LNO: Laplace Neural Operator for Solving Differential Equations

TL;DR

The paper introduces the Laplace neural operator (LNO), which uses Laplace transforms to improve the approximation of differential equations, especially for non-periodic signals and transient responses, outperforming Fourier neural operators.

Contribution

The paper presents the novel LNO architecture that leverages Laplace transforms and pole-residue relationships, offering better accuracy and interpretability over Fourier neural operators.

Findings

LNO outperforms FNO in approximating solutions of ODEs and PDEs.

LNO effectively captures transient responses in undamped systems.

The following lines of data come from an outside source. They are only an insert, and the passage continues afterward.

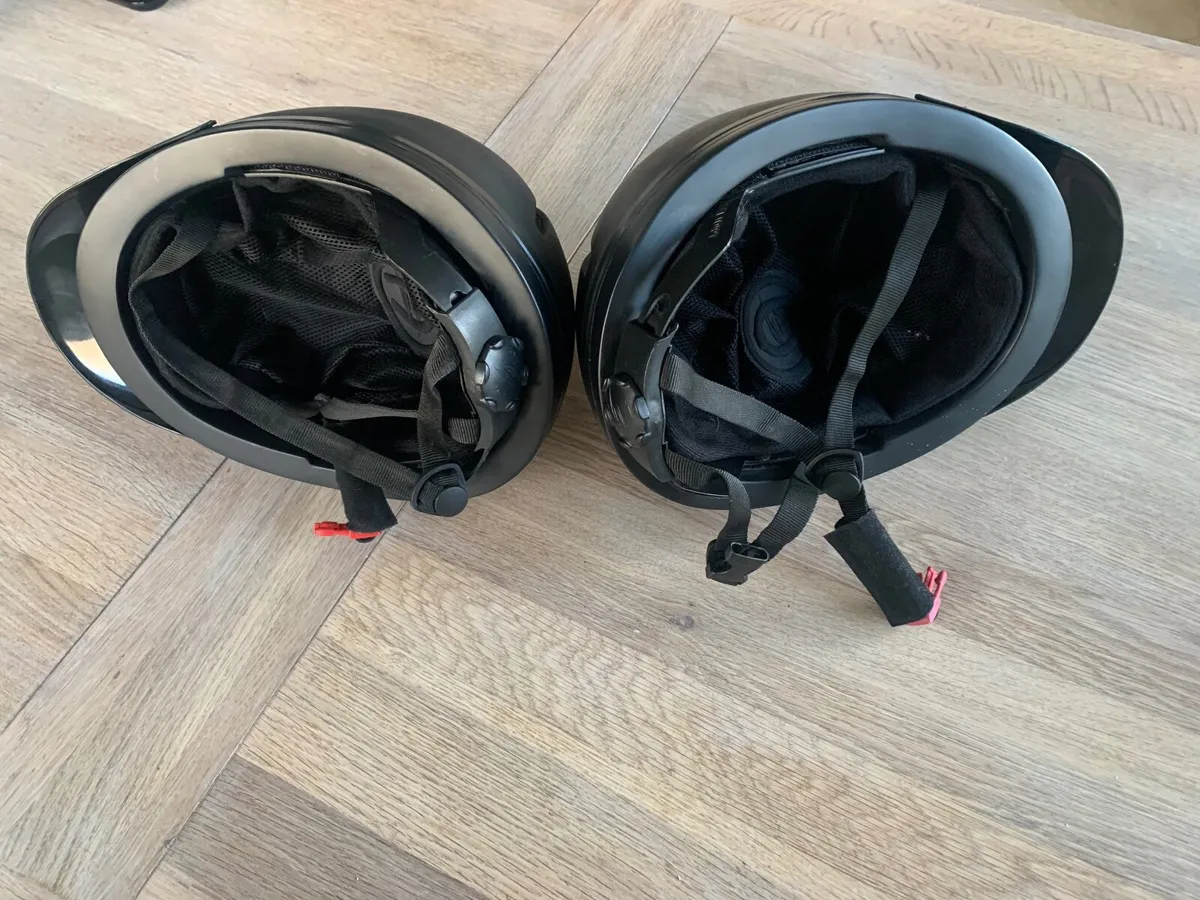 Horse riding helmets (x2) - Image 3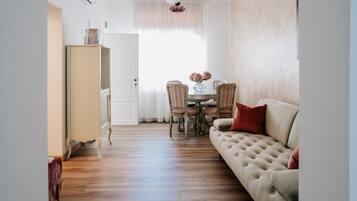 Suite Deluxe | Minibar, coffres-forts dans les chambres, décoration personnalisée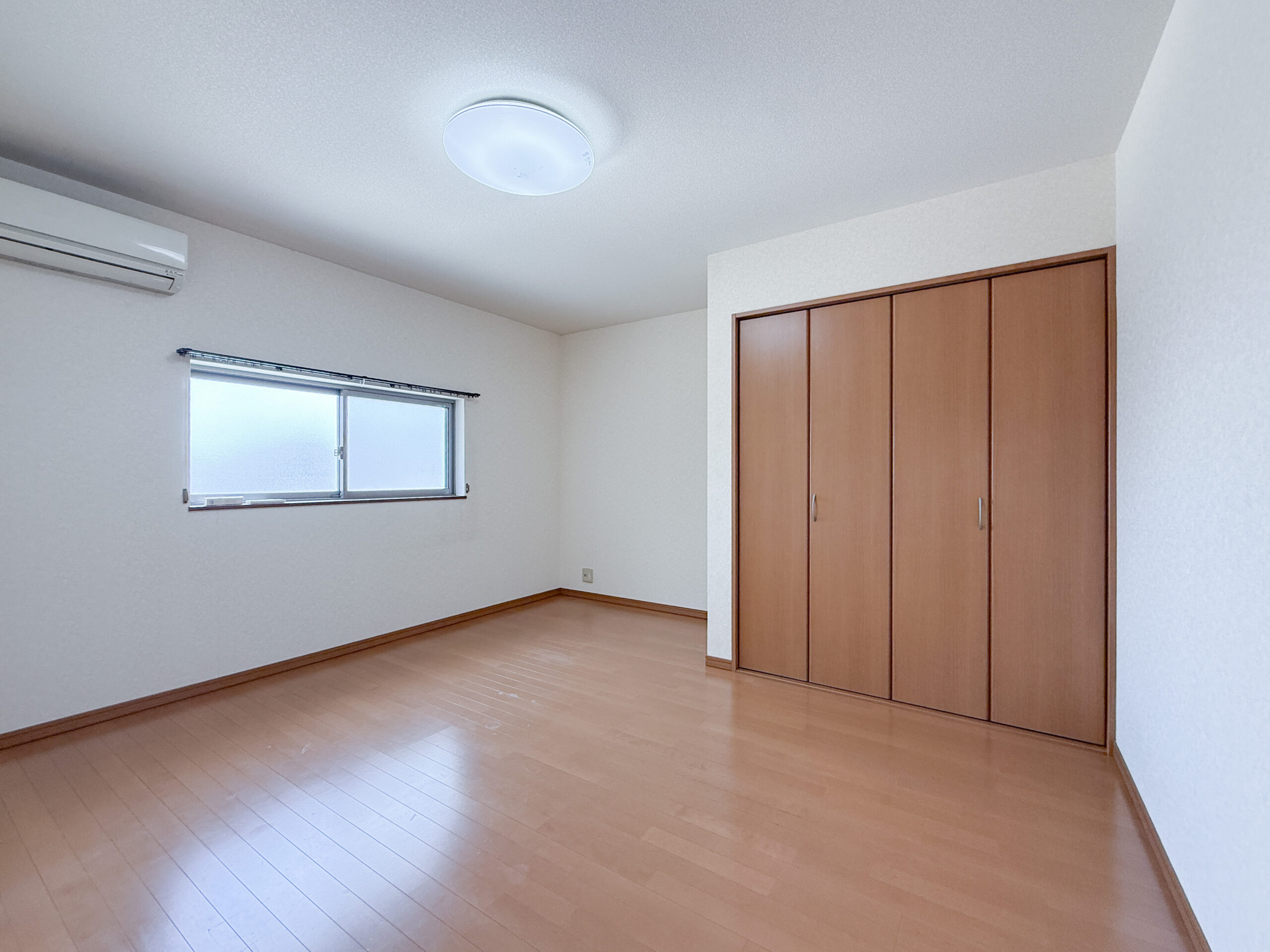 枚方市南中振一丁目　中古戸建　洋室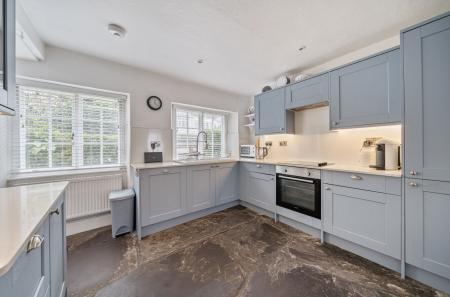 1346509-9-68b6ff0...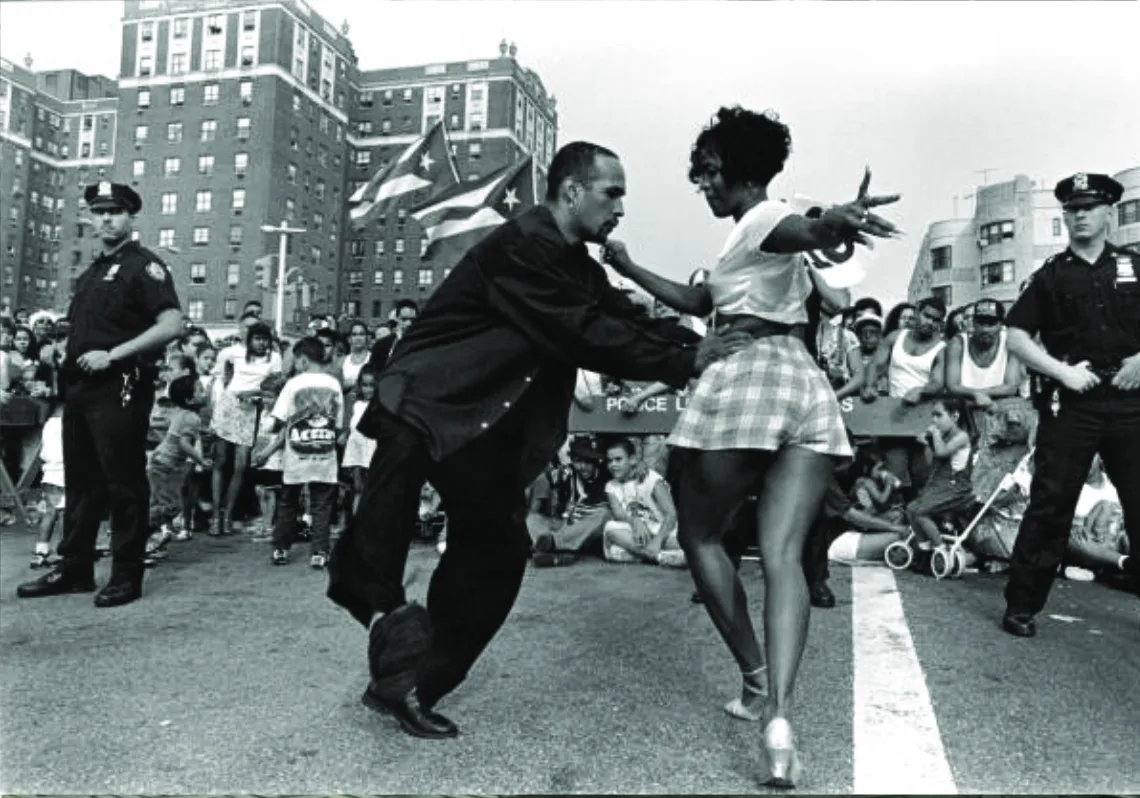 Gente disfrutando de la música latina en un parque de la Gran Manzana.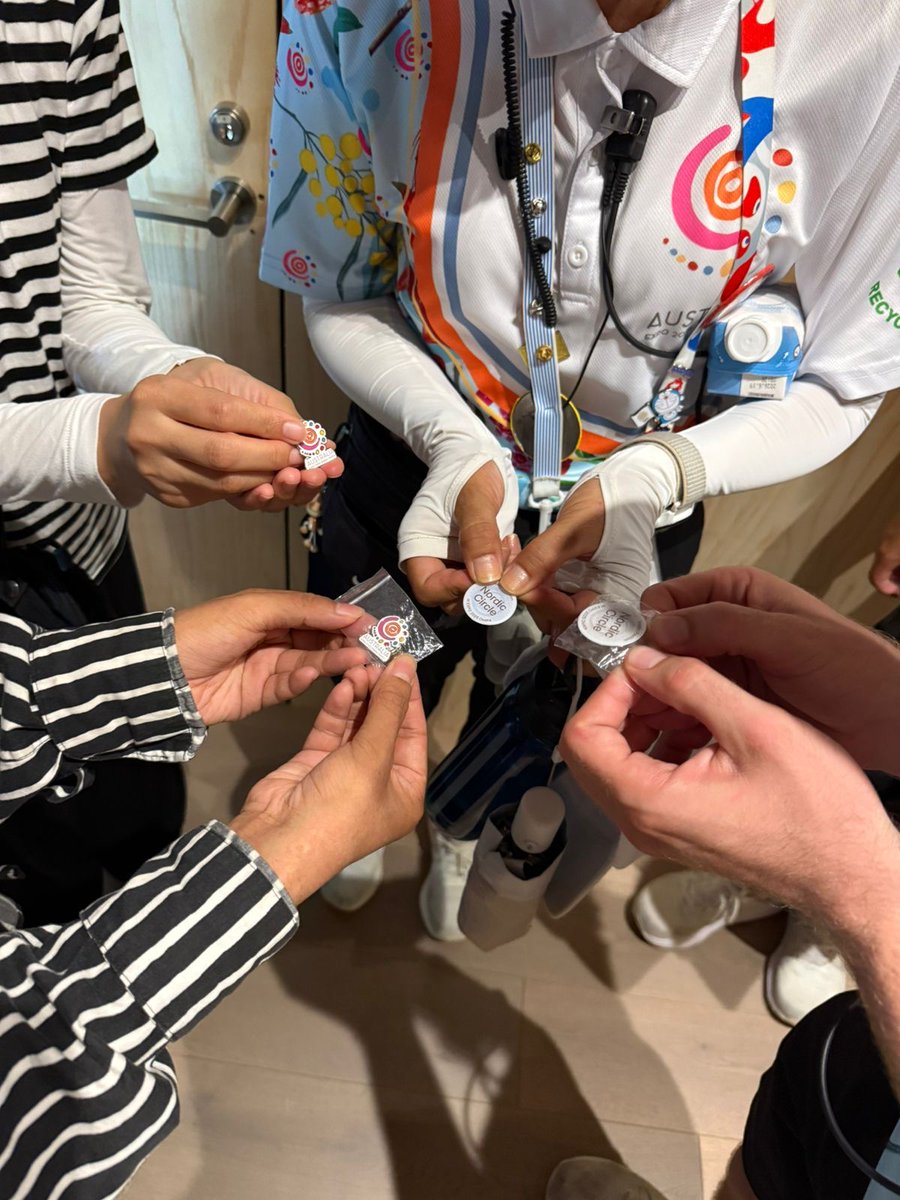 nordicexpo2025's tweet image. ✨オーストラリアパビリオンのガイドチームが北欧パビリオンを訪れてくれました 🎉
オーストラリアと北欧は地球の反対側にあるほど遠く、例えばアイスランドからオーストラリアまでは30時間以上のフライト!🌏✈️ここでは歩いてわずか10分で行き来できるのは、まさに万博ならではの出会いですね。…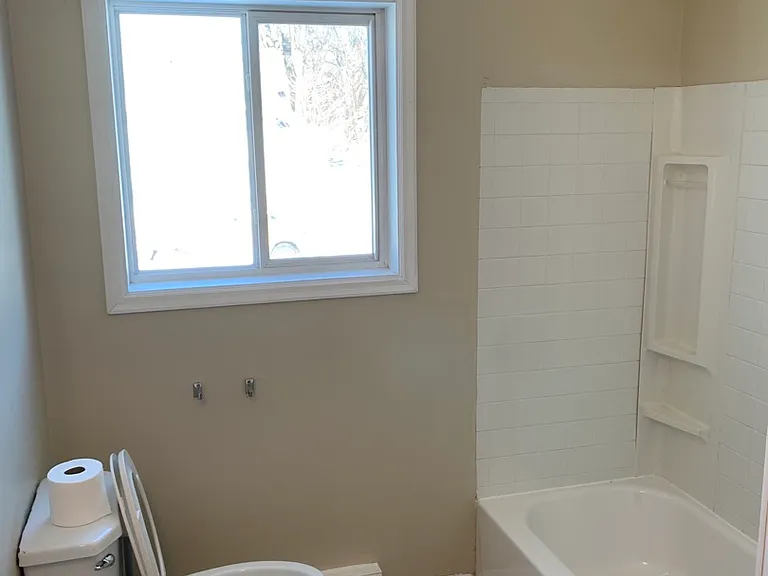 Bathroom (Different View)
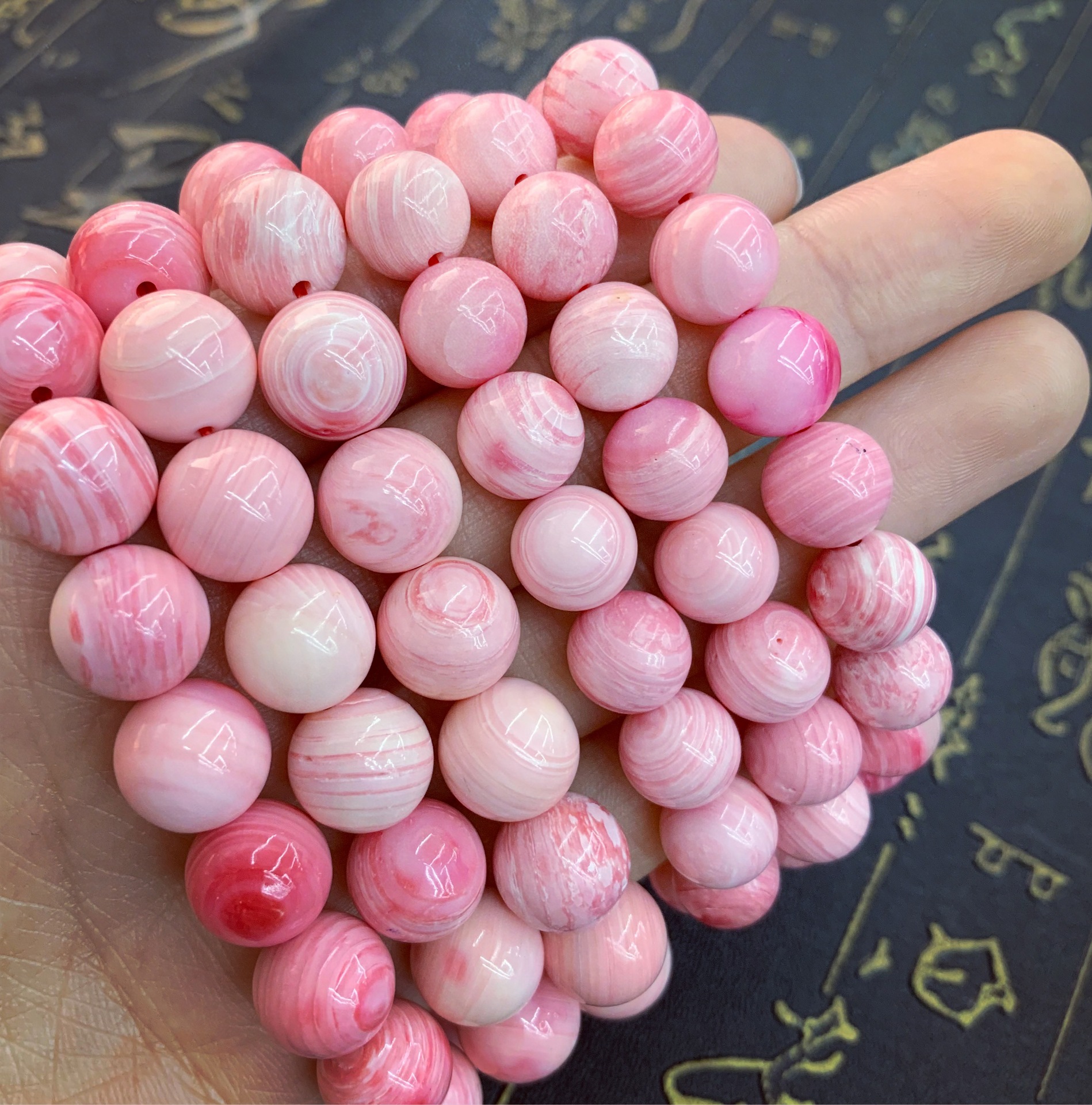 新品天然白砗磲女生粉色手链 多圈玛瑙手链108颗佛珠手串挂饰批发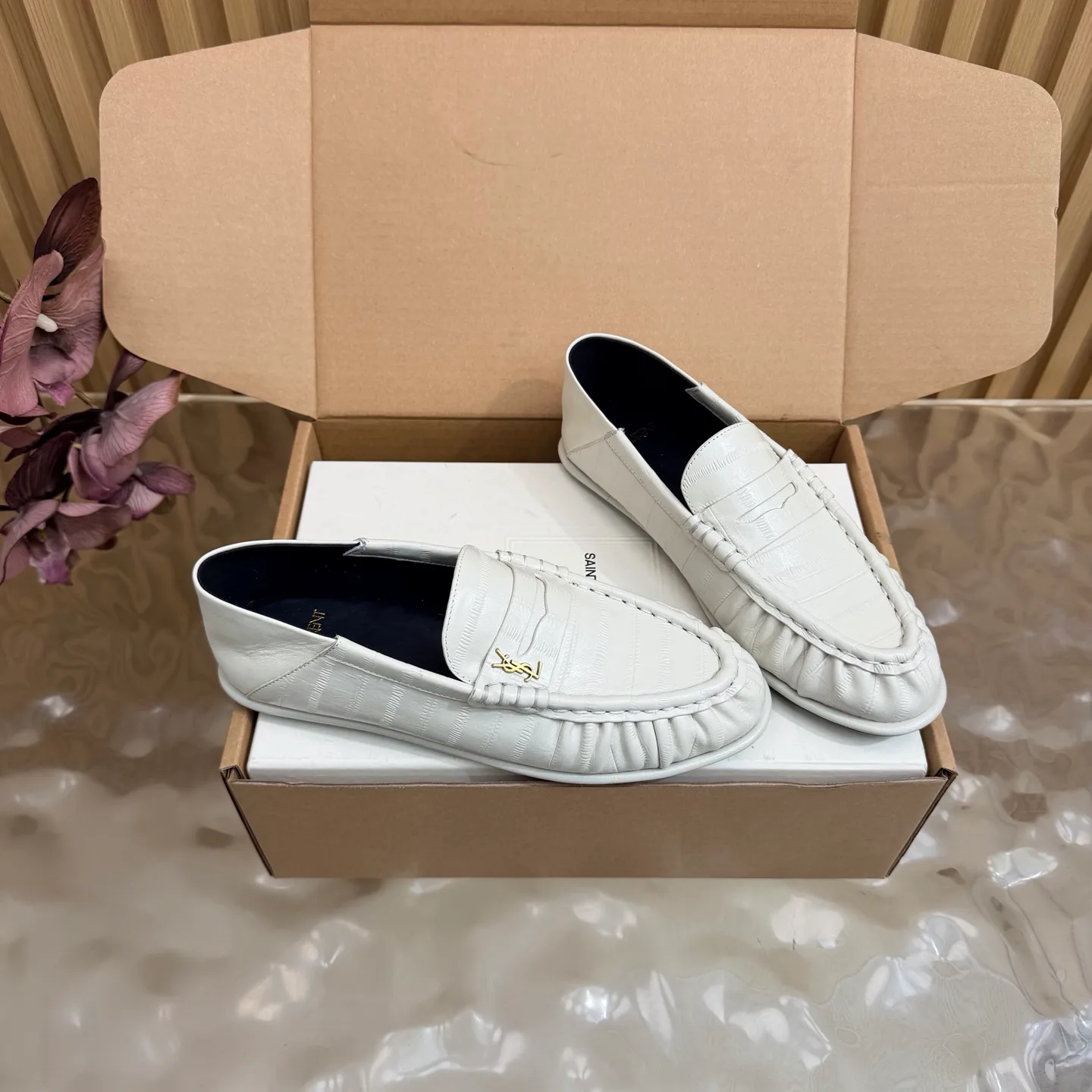 Women's Loafers And Moccasins SAINT LAURENT 18062362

LNO's pole-residue formulation yields significantly better results for linear systems.

Abstract

We introduce the Laplace neural operator (LNO), which leverages the Laplace transform to decompose the input space. Unlike the Fourier Neural Operator (FNO), LNO can handle non-periodic signals, account for transient responses, and exhibit exponential convergence. LNO incorporates the pole-residue relationship between the input and the output space, enabling greater interpretability and improved generalization ability. Herein, we demonstrate the superior approximation accuracy of a single Laplace layer in LNO over four Fourier modules in FNO in approximating the solutions of three ODEs (Duffing oscillator, driven gravity pendulum, and Lorenz system) and three PDEs (Euler-Bernoulli beam, diffusion equation, and reaction-diffusion system). Notably, LNO outperforms FNO in capturing transient responses in undamped scenarios. For the linear Euler-Bernoulli beam and diffusion equation, LNO's exact representation of the pole-residue formulation yields significantly better results than FNO. For the nonlinear reaction-diffusion system, LNO's errors are smaller than those of FNO, demonstrating the effectiveness of using system poles and residues as network parameters for operator learning. Overall, our results suggest that LNO represents a promising new approach for learning neural operators that map functions between infinite-dimensional spaces.